Hochzinsanleihen bessere Aktien

Sind Hochzinsanleihen die besseren Aktien?

Hochzinsanleihen gelten als sehr riskant, weil ausfallgefährdet. Wer so argumentiert, sieht die Sache durch die Aktienbrille. Im envestor Webinar sind wir mit Fondsmanager Ottmar Wolf von der FAM AG den Eigenschaften, Risiken und Potenzialen dieser Anlageklasse nachgegangen.

Hochzinsanleihen sind festverzinsliche Wertpapiere, die von Unternehmen mit einem niedrigeren Kreditrating ausgegeben werden. Diese Anleihen bieten in der Regel höhere Renditen als Investment-Grade-Anleihen, um das erhöhte Ausfallrisiko zu kompensieren. Aber wie hoch ist das Risiko? Die englische Bezeichnung „Junk Bonds“ lässt Schlimmes erahnen. Indes waren die niedrigen Verluste von Hochzinsanleihen im Bond-Crash-Jahr 2022 aufsehenerregend. Und die langfristig ordentlichen Renditen im Vergleich zu Aktien machen diese Asset-Klasse für viele Investoren interessant – investiert sind indes nur die wenigsten. Im envestor Webinar vom 21. November sprachen wir mit dem Anleihen-Experten Ottmar Wolf. Er managt den FAM Renten Spezial, einer der langfristig besten Hochzinsfonds in Deutschland über Hochzinsanleihen, ihre Eigenschaften, Risiken und Potenziale. 

Hochzinsanleihen: Rendite-Risiko-Profil

Eine der Hauptattraktionen von Hochzinsanleihen ist ihr Rendite-Risiko-Profil. Wie in der Präsentation des Webinars dargestellt, zeigen Hochzinsanleihen im Vergleich zu anderen Anlageklassen ein interessantes Verhältnis von Rendite zu Volatilität:

Hochzinsanleihen Asset Klassen

Diese Grafik verdeutlicht, dass europäische Hochzinsanleihen über einen Zeitraum von 25 Jahren eine durchschnittliche jährliche Rendite von etwa 5,1% erzielten, bei einer relativ moderaten Volatilität. Im Vergleich dazu zeigten europäische Aktien eine ähnliche Rendite, aber mit deutlich höherer Volatilität. US-Hochzinsanleihen boten sogar eine Rendite von etwa 6,5%, ebenfalls bei geringerer Volatilität als Aktien. „Hochzinsanleihen bieten eine Rendite im Bereich von Aktien, aber mit wesentlich geringeren Schwankungen. Das macht sie für viele Anleger attraktiv, die eine gute Performance suchen, aber nicht bereit sind, die hohe Volatilität von Aktien zu akzeptieren“, erläuterte Ottmar Wolf. 

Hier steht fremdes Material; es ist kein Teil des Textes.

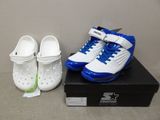 shoes and a box with a pair of white and blue shoes on it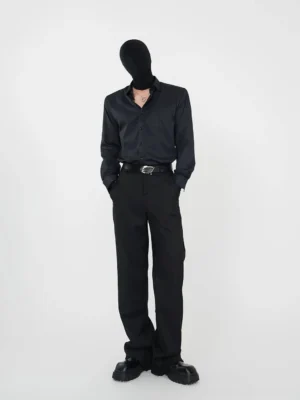 Black point-collar button-up streetwear shirt with open collar styled with wide-leg black suit pants and a silver buckle belt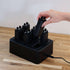 Black ABS-plastic Battery Charging Station with six slots and a 1.5m EU plug cable on a white background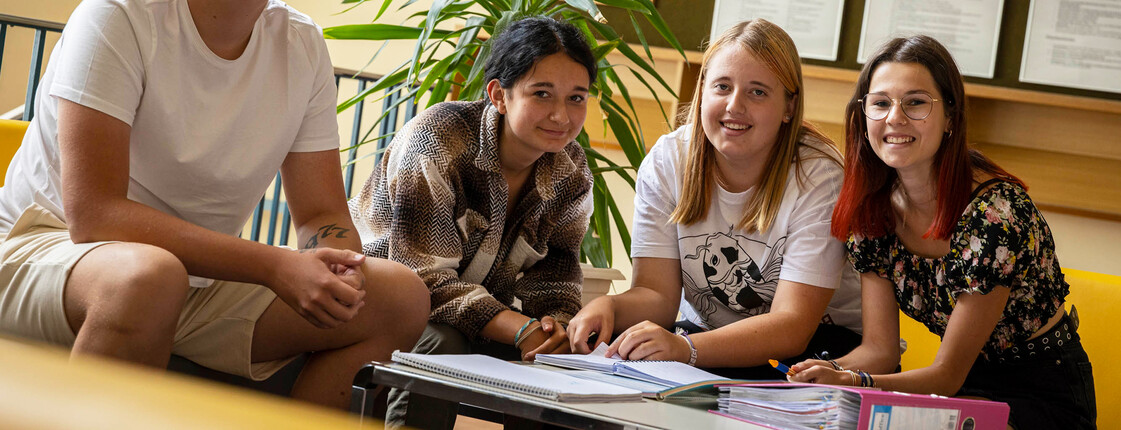 Vier Schüler*innen sitzen auf einem gelben Sofa, haben Schulmaterial vor ihnen liegen und lächeln in die Kamera.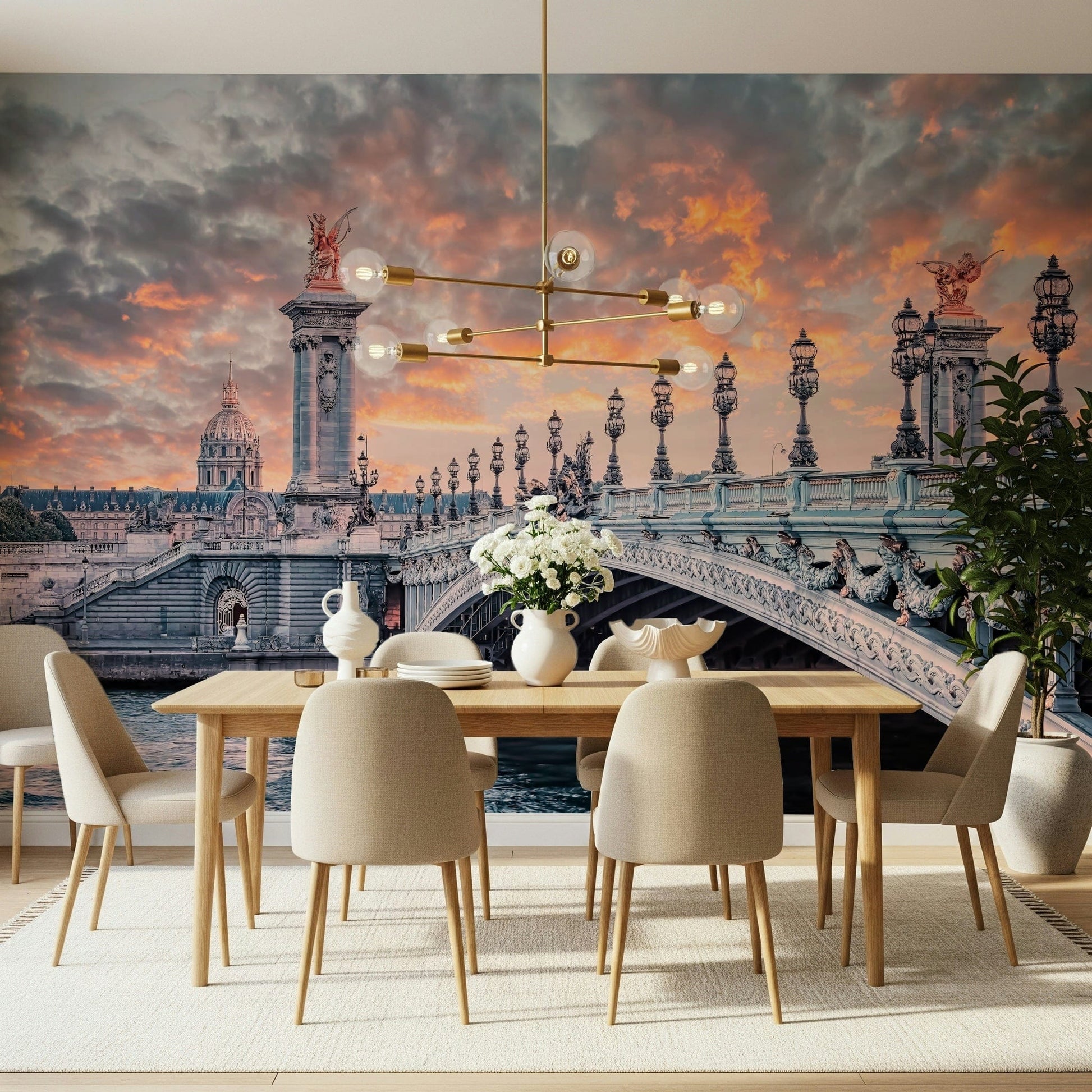 Parisian Bridge Sunset wallpaper mural with the Paris bridge behind a wood dining table and beige chairs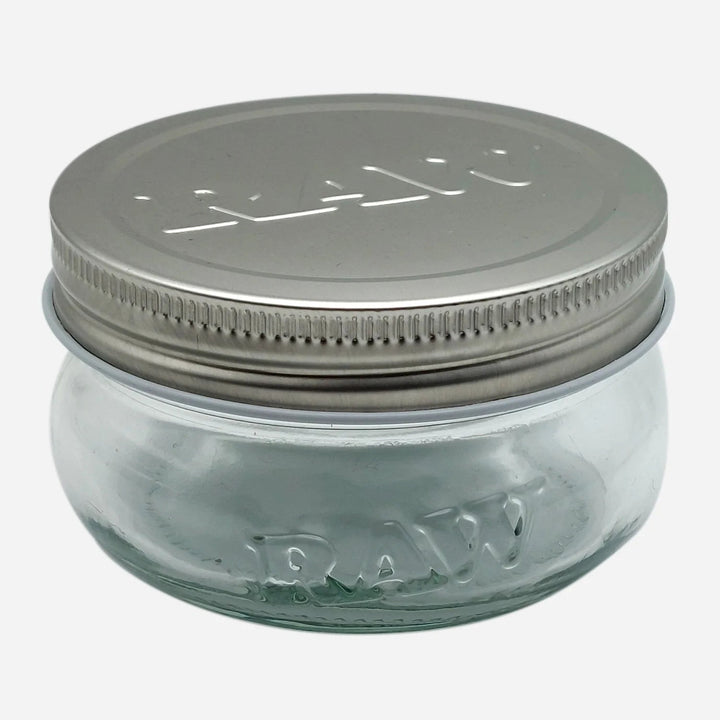 RAW 6 oz glass jar with embossed logo and metal lid, perfect for airtight and smell-proof storage of herbs or small items.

Drawdowns und Diversifikation

Ein wichtiger Aspekt bei der Betrachtung von Hochzinsanleihen ist ihr Verhalten in Krisenzeiten. Die Präsentation enthielt einen aufschlussreichen „Unterwasser-Chart“, der die maximalen Drawdowns von Hochzinsanleihen im Vergleich zu Aktien zeigt:

Dieser Chart verdeutlicht, dass Hochzinsanleihen in Krisenzeiten zwar auch Verluste erleiden, diese aber in der Regel geringer ausfallen als bei Aktien. Zudem erholen sich Hochzinsanleihen oft schneller von Rückschlägen. Wolf erklärte dazu: „Der maximale Drawdown bei Hochzinsanleihen lag bei etwa 40%, während er bei Aktien über 70% betrug. Zudem war die Zeit bis zur Erholung bei Hochzinsanleihen deutlich kürzer.“Diese Beobachtung wird durch akademische Studien unterstützt.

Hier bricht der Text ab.